BACKGROUND
For musicians, working at Fender is a fantasy. Justin Norvell has lived that fantasy, seeing every side of the company renowned for their sweet-sounding guitars. Recently, Norvell helped create the Fender Accelerator Tour, an artist outreach initiative that supplies musicians with branded vans and cameras for creating social media buzz.
Dream Job
I grew up in a musical household. I discovered my father’s 1000-plus record collection and started playing. I moved to England in the mid-‘80s and got in my first bands. Upon moving back, I played in punk bands around the D.C. area. I went to Arizona for college when bands were being signed. [My band was] good enough to be looked at by labels but sounded enough like other bands that we were passed on.
I got a job at Fender while working with my band. It quickly changed from day-job-while-trying-to-be-a-musician into a career. I’ve been working for 19 years through every department within the company—customer service to sales to product marketing. That allowed me to have a holistic, 360-degree view of [the company].
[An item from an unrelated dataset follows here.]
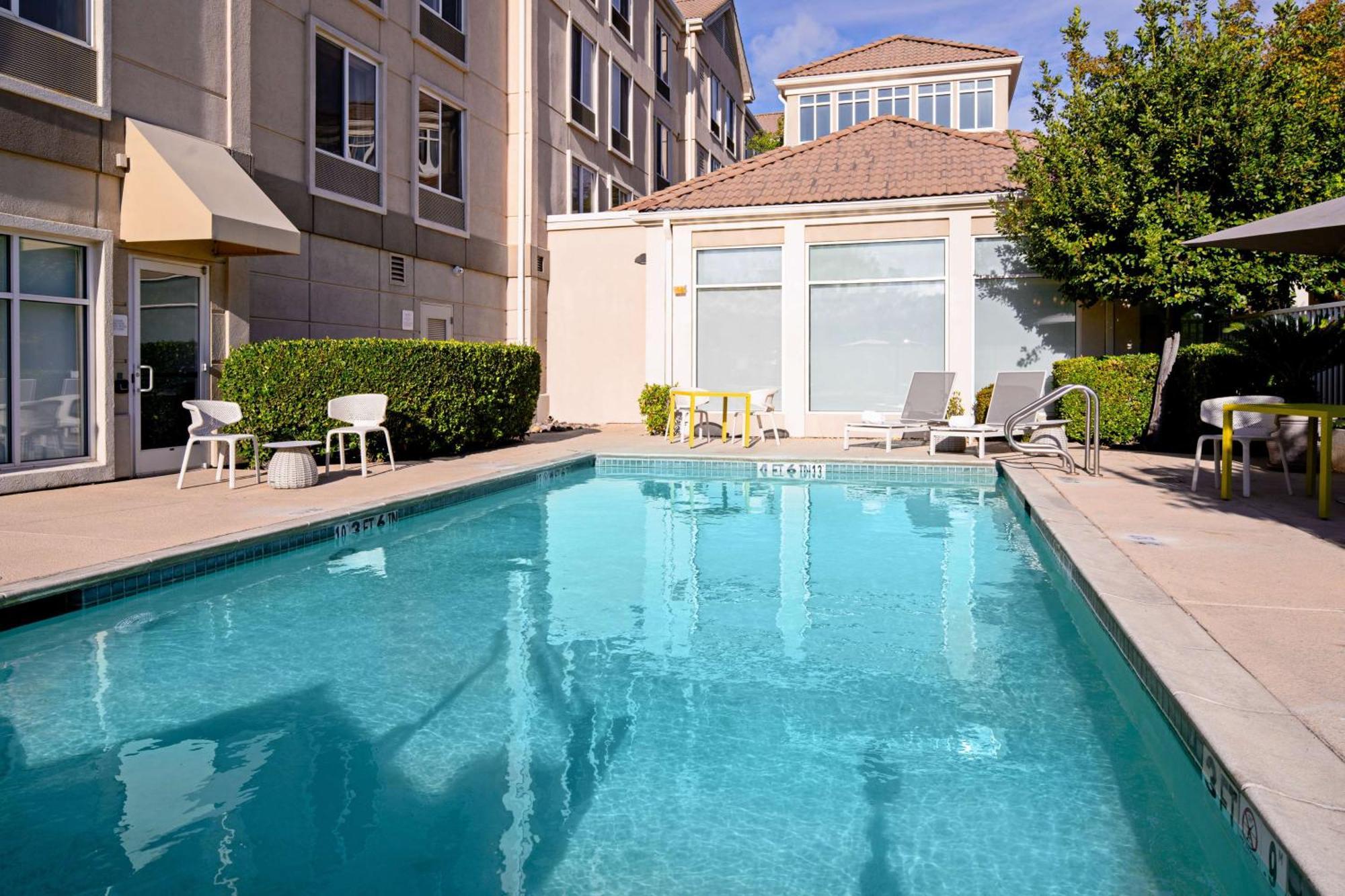 Hilton Garden Inn Folsom Εξωτερικό φωτογραφία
One of my first musical memories was seeing a Fender tortoise shell guitar pic. It was the first logo I remember seeing. I’ve jammed with some of my idols, and it’s been a fantastic experience. And I’m still a musician. I do sound check work and music for syncs in advertising, so I’m able to stay close to the original muse and motivation that got me into the business.
The Fender Legacy
The Fender sound is on many records in the last 60-plus years to today. Every guitar we make could be the guitar the next “Smells Like Teen Spirit” or “Purple Haze” is written on. We make tools for musicians—we make our art, so people can make their art.
Accelerating Careers
This is the first year [of the Accelerator Tour]. Our artist relations group is always working with artists. The Stratocaster was born of artist feedback on the Telecaster. That’s been a large part of what we do and how products evolve.
Over the last several years, we’ve held unsigned band contests and things of that nature. We looked at bands we work with and what their struggles were. So we came up with this idea: what if, instead of just sponsoring a tour by putting our name on something, we create a program where members of the Fender family could come and go? On tour, there’s a behind-the-curtains aspect—a lot of mystery and romanticism. We wanted to partner with artists and create a platform that allowed us to embed with them and create something special that hadn’t been done before.
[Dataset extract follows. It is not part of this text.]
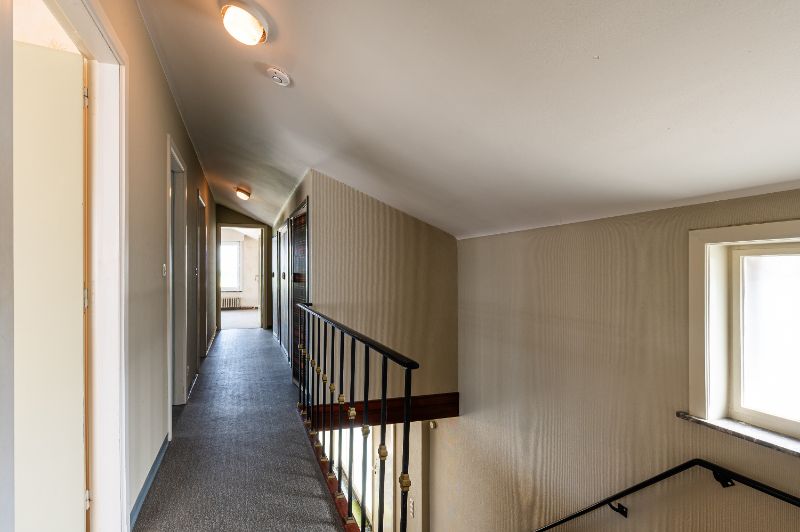 Degelijk gebouw met veel potentieel foto 16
Each band gets promotional and marketing support from us: a 15-passenger touring van, access to Fender gear, meetings with our artist relations experts and fuel and vehicle maintenance coverage. Most are Fender players already, but we help them with additional gear needs and back line support.
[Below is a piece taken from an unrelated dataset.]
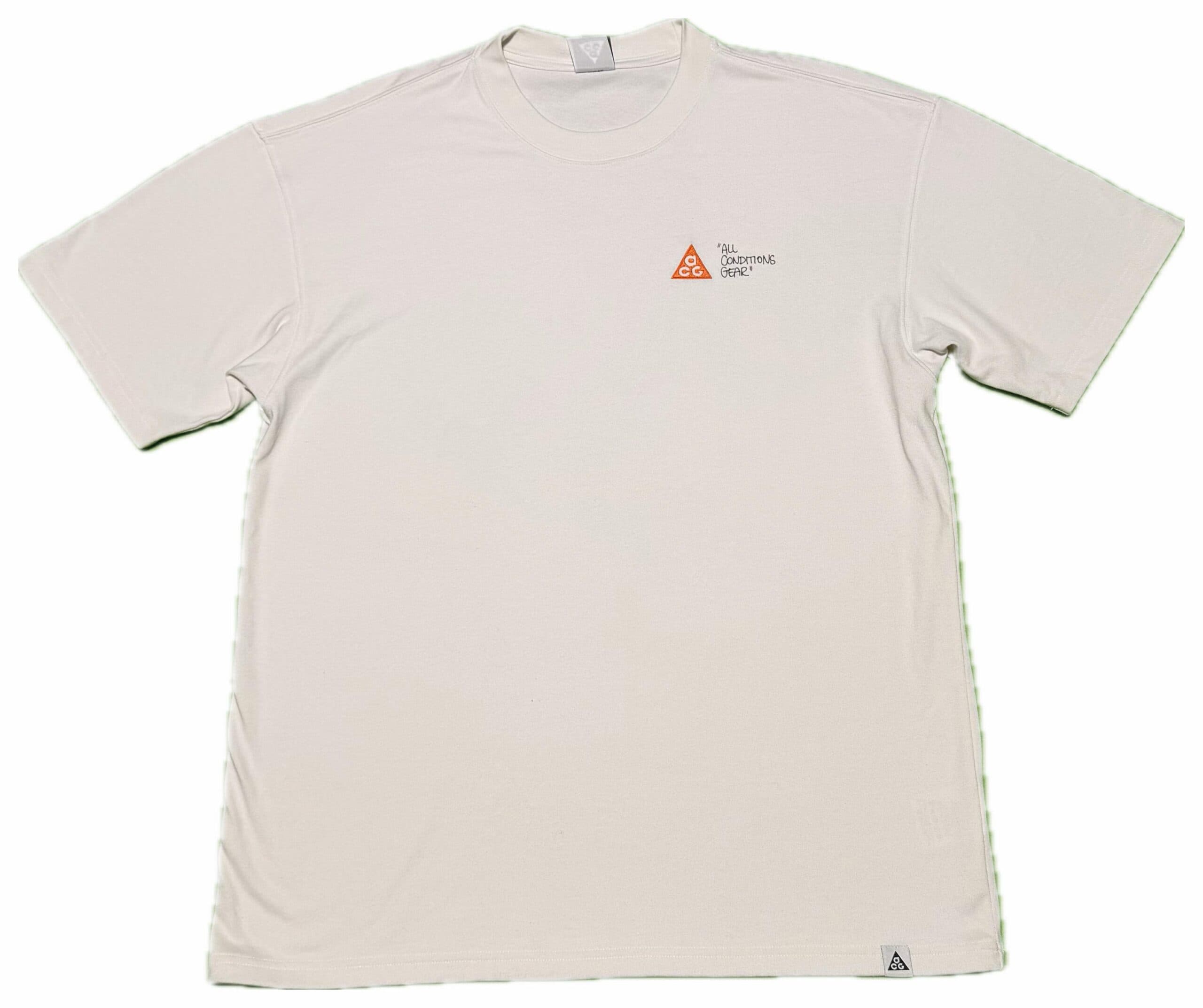 Nike ACG Camiseta Estampada de Manga Corta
Giving Artists an Audience
We have a reach of over five million people each month via web and social traffic. For emerging bands, that is a massive audience. Giving artists with 11,000 Instagram followers access to that platform is something we feel passionately about.
What to Film
We try to keep it as authentic and natural as possible—no heavy guidelines. It’s about capturing the behind-the-scenes authenticity of life on the road, something fans want to see, something to whet their eyes. Writing songs in rehearsal, sound check, hanging out at a truck stop or anything imaginable for life on tour.
A Deep Bench
Our artist relations group is a global system with reps in London, Tokyo and Nashville. We deal with thousands of bands, so there’s a bench of people we have relationships with. Agencies and partners we’ve worked with have helped us curate relationships with newer bands.
Fenders Play Everything
We highlight our instruments’ versatility. There are guitars or basses that focus on specific genres, but a Fender can play anything. We want a wide variety of bands—anything from dreamy synth-pop to country to noise rock, blues—to highlight the amount of diversity you can achieve on our instruments.